The quest of the Inner Ring will break your hearts unless you break it. But if you break it, a surprising result will follow. If in your working hours you make the work your end, you will presently find yourself all unawares inside the only circle in your profession that really matters. You will be one of the sound craftsmen, and other sound craftsmen will know it. This group of craftsmen will by no means coincide with the Inner Ring or the Important People or the People in the Know. It will not shape that professional policy or work up that professional influence which fights for the profession as a whole against the public: nor will it lead to those periodic scandals and crises which the Inner Ring produces. But it will do those things which that profession exists to do and will in the long run be responsible for all the respect which that profession in fact enjoys and which the speeches and advertisements cannot maintain.

Excerpts from Lewis, C.S. (1944) The Inner Ring, a memorial lecture delivered at King’s College, University of London. Copyright 2014, The C.S. Lewis Society of California. http://www.lewissociety.org/innerring.php [last accessed 15th July 2014]

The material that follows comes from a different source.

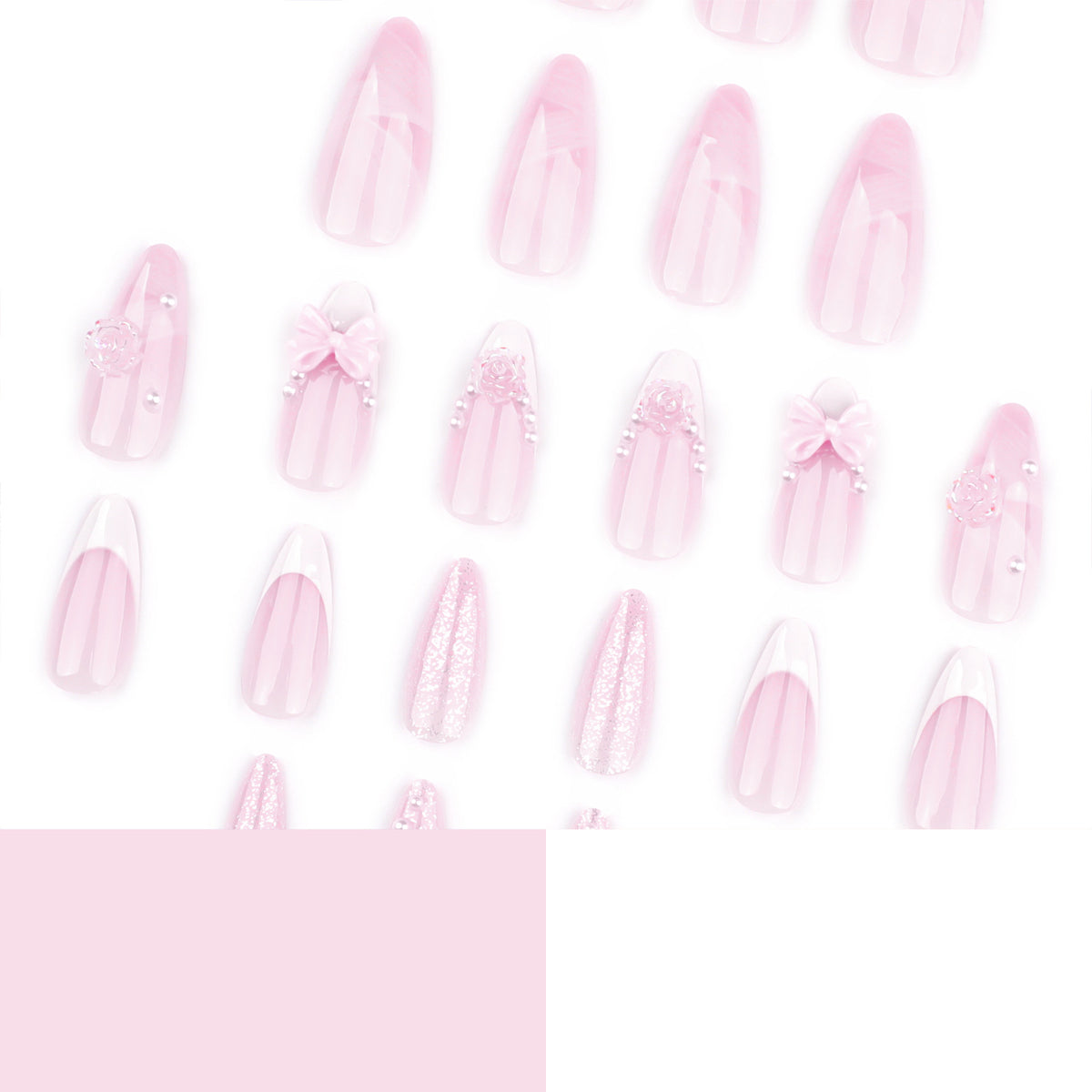 No.F634 Pink Butterfly Fingernails Patch 24pcs/Set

C.S. Lewis testifies that working your way into to the ‘Inner Ring’ and staying there is hard, and almost invariably leads people into sinful dealings. Perhaps, in a sense, faith in Jesus Christ is hard: God may be the one converting your heart, but the humiliation of repentance to which this brings you is exhausting, if liberating. But it is not unforgiving. Similarly, working out our salvation with fear and trembling is hard work, even if it increases our joy and our zest for Christ. But it is not soul-numbing drudgery. There is nothing of the world in the business of being owned by Christ: it doesn’t waste you, except to make you less your worldly self, and more your Christ-like you. Moreover, to apply C.S. Lewis’ words a little more broadly, I am convinced that it is maximally those, like the craftsmen at their trades, who devote themselves to the work of God quietly and without competing for status in others’ ‘Inner Rings’, that end up being praised by the fruit of their works and bringing glory to God and life to his church. At twenty-four I still do not pretend to know what one must have to deserve to belong to a merely human Inner Ring. But those who came to Christ most prominently in the gospels came to him empty-handed and vile – as vile and as unimportant as a person can be, in fact. Christ came for the rejects. You don’t need to be in anyone’s inner circle to be Christ’s friend; you don’t need to have worked your way up any ranks of popularity to reach him. You don’t need to have sorted your life out, or done a long list of good works, before he will take you in. Those are things that he wants to do with you once you’re his. He takes the lowly – the dead – and brings them to life, restoring them in dignity through Christ’s blood on the cross, so that they can do the good works that God prepared in advance for them to do. Behold, the tenderness of Jesus here:

‘Then children were brought to him that he might lay his hands on them and pray. The disciples rebuked the people, but Jesus said, “Let the little children come to me and do not hinder them, for to such belongs the kingdom of heaven.”’ (Matthew 19: 13-14 ESV)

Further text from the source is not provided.